Sessions's DOJ had filed a request in the U.S. District Court of the District of Maryland on Monday, asking for 90 more days to review the pact with the Baltimore Police Department.

U.S. District Judge James K. Bredar denied the DOJ request on Thursday.

Sessions said Friday the pact — which was announced just days before President Trump entered office in January — contains “clear departures from many proven principles of good policing.”

“Make no mistake, Baltimore is facing a violent crime crisis,” he said. "Baltimore has seen a 22 percent increase in violent crime in just the last year.

"The citizens of Baltimore deserve to see a real and lasting reduction in the fast-rising violent crime threatening their city," the former GOP senator from Alabama added.
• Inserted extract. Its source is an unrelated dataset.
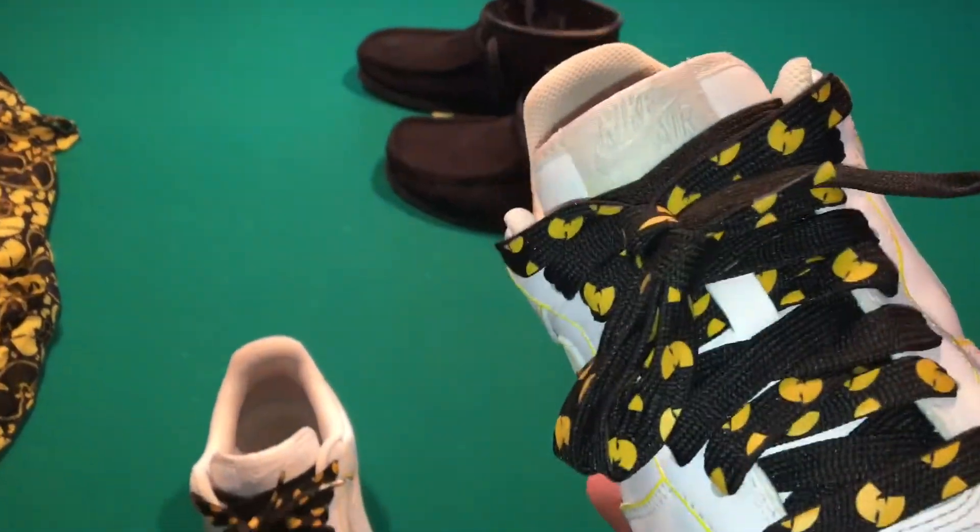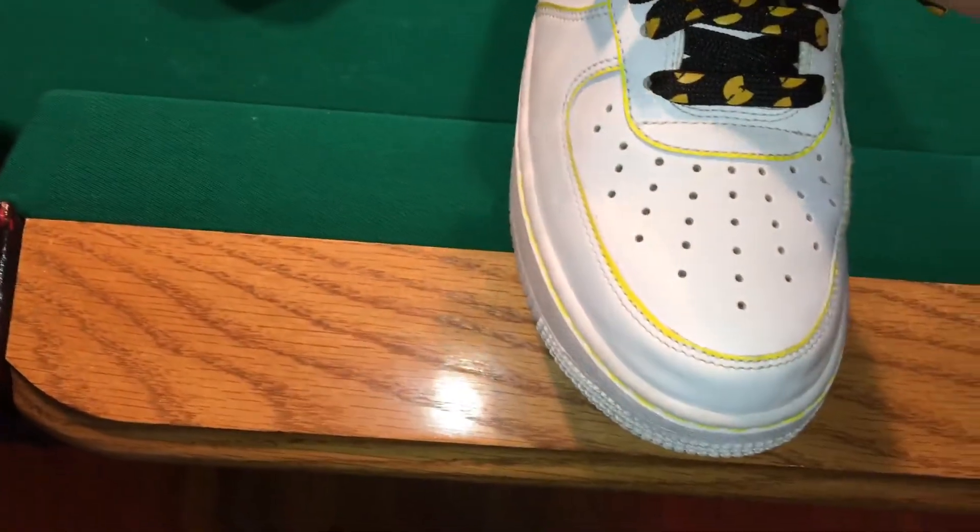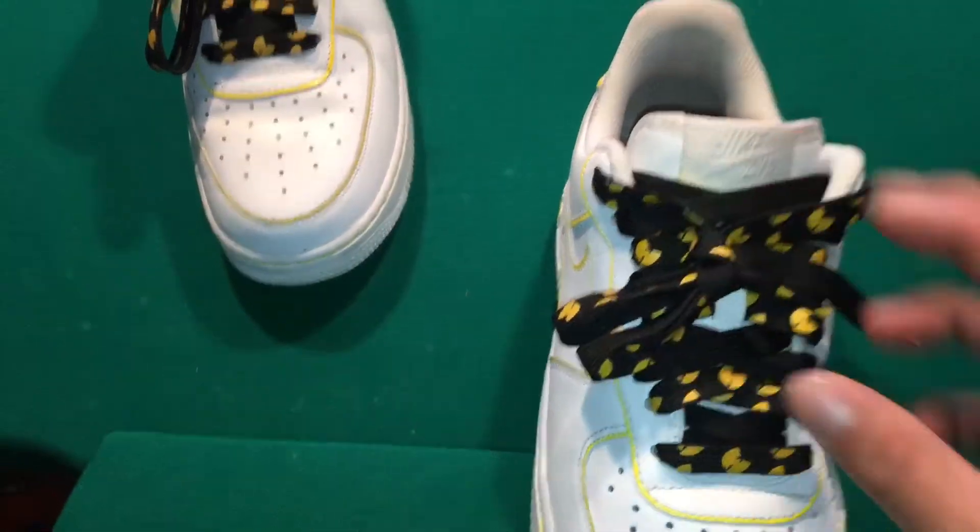I was able to find these laces online. I don't know if they're still online. They're only done on one side, which is kind of weird, but it's still dope.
The DOJ’s existing consent decree with Baltimore’s law enforcement calls for changes including training for officers on how to resolve conflicts without using force.

Vanita Gupta, the former head of the DOJ’s Civil Rights Division, accused the Baltimore Police Department of unconstitutional and discriminatory practices in August after a yearlong probe.

The investigation was launched after Freddie Gray, a 25-year-old black man, died after suffering injuries while in police custody in April 2015.

Gray’s death triggered riots in Baltimore and sparked national debate over the relationship between minority communities and law enforcement.

Sessions on Monday instructed DOJ officials to review the agency’s consent decrees with all police forces nationwide, including Baltimore’s.

The attorney general said the review is necessary to ensure none of the pacts undermine the Trump administration’s goals of promoting police officer safety and morale while fighting violent crime.